(Exercise objective): Given the entries below, would you transcribe exactly the lines starting at the one with "Kawiarka BIALETTI Rainbow" and ending at the one with "Jaime Hayon Contemporary", both kept, pictures omitted, nothing extra?

(Given data):
* * *

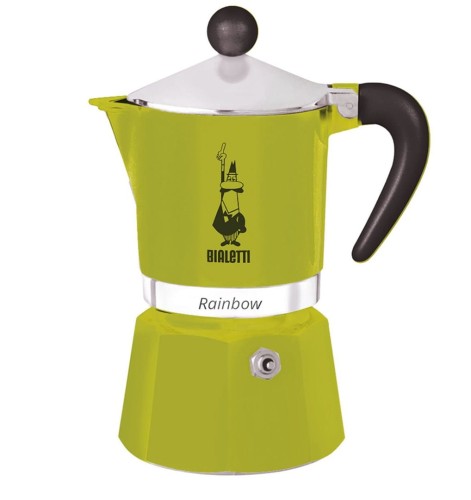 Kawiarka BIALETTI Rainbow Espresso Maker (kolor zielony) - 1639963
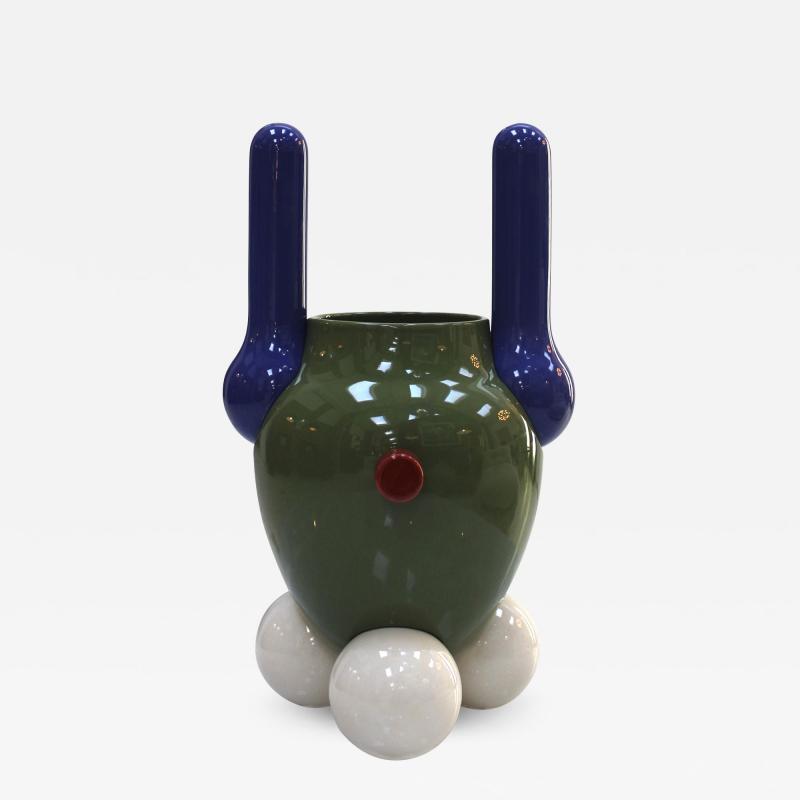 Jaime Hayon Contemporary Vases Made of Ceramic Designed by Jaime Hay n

* * *

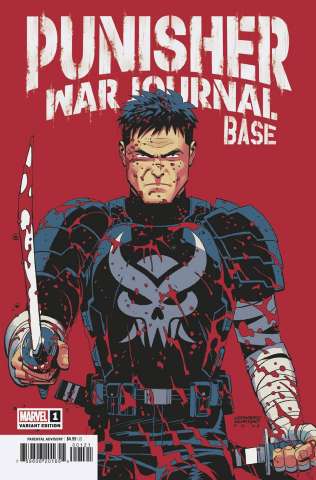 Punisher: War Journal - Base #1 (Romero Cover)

* * *

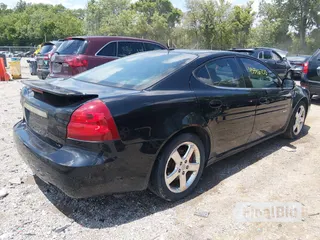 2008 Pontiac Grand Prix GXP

* * *

(Output of the exercise):
 Kawiarka BIALETTI Rainbow Espresso Maker (kolor zielony) - 1639963
 Jaime Hayon Contemporary Vases Made of Ceramic Designed by Jaime Hay n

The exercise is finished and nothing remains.